El anciano les ofreció un poco de agua fresca y les mostró cómo recogía el arroz, explicando con gestos y palabras simples. Adi, encantado, intentó imitar los movimientos, pero el racimo de arroz se le escapaba de las manos, lo que provocó las risas del anciano y de su padre.

—Es más difícil de lo que parece, ¿verdad, hijo? —dijo su padre, acariciándole el cabello.

Después de agradecer al anciano, volvieron a la Vespa y continuaron su viaje. La carretera serpenteaba ahora entre colinas cubiertas de selva. Las sombras de los árboles altos les daban un respiro del sol mientras avanzaban hacia su siguiente destino: el templo de Besakih, el más grande y sagrado de Bali.

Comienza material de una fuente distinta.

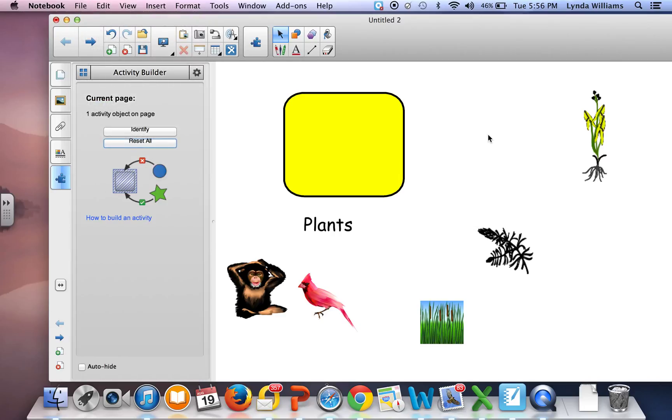So basically that is how you make a very simple interactive activity in Activity Builder.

El templo se erguía majestuoso en la ladera del monte Agung, envuelto en una atmósfera de misterio y reverencia. Adi y su padre dejaron la Vespa en la entrada y comenzaron a subir los escalones que llevaban al templo principal. A medida que ascendían, Adi sentía como si estuviera entrando en otro mundo, uno lleno de historias antiguas y espíritus guardianes.

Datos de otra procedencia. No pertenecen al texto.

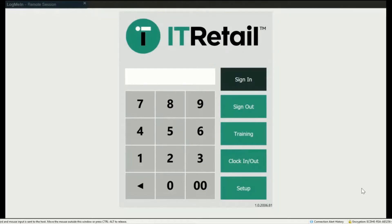Hi, this is Kate with IT Retail. In this video, we're going to go over all the front-end settings, so let's start.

—Este lugar es muy especial, Adi. Aquí la gente viene a rezar y a dar gracias por todo lo que tienen —explicó su padre mientras avanzaban entre las torres y santuarios.

Las figuras de piedra de los dioses les observaban desde todos los ángulos, sus expresiones serenas y sabias. Adi se sentía pequeño en comparación con la grandeza del templo, pero también lleno de una curiosidad y una paz que no podía explicar.

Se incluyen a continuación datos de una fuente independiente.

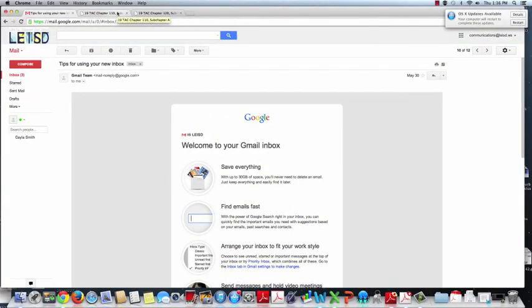As a district who supports and utilizes Google Apps for Education, in LEISD we provide email to all staff and students in grades 2 through 12. Why do you ask?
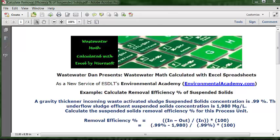Wastewater Dan presents Wastewater Math Calculated with Excel Spreadsheets, a new service of ESDLT's Environmental Academy at environmentalacademy.com. Today's example is to calculate removal efficiency percentage of suspended solids.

—Papá, ¿qué le piden los dioses a la gente? —preguntó mientras observaba a las personas haciendo sus ofrendas.

—Les piden que sean buenos, que respeten a los demás y que cuiden de la naturaleza —respondió su padre, arrodillándose junto a él para hacer una pequeña ofrenda de flores.

Después de pasar un rato en el templo, descendieron por los escalones y volvieron a la Vespa. Era hora de regresar al bungalow, pero Adi no quería que el viaje terminara. Se había sentido tan libre, tan lleno de vida, montado en la Vespa con su padre.

—Papá, ¿podemos hacer esto otra vez mañana? —preguntó mientras el viento volvía a acariciar su rostro en el camino de regreso.

—Por supuesto, hijo. Hay mucho más de Bali que quiero mostrarte —respondió su padre, con una sonrisa que reflejaba el mismo entusiasmo que sentía Adi.

El sol empezaba a descender en el horizonte cuando llegaron de nuevo al bungalow. Las luces cálidas de las lámparas de aceite iluminaban el jardín, y el sonido de la naturaleza llenaba el aire. Adi estaba cansado, pero feliz, y mientras su padre le ayudaba a quitarse el casco, sabía que ese día quedaría grabado para siempre en su memoria.

—Gracias, papá. Fue el mejor día de mi vida —dijo Adi antes de que el sueño lo venciera.

—Y lo mejor es que solo es el comienzo, hijo —respondió su padre, besándole en la frente antes de que Adi se quedara dormido, con una sonrisa en los labios.

Bali, con su belleza natural y su rica cultura, se había grabado en el corazón de Adi, y cada día que pasara en esa isla sería una nueva aventura, una que compartiría con su padre, montados en su confiable Vespa plateada, recorriendo los caminos de la vida.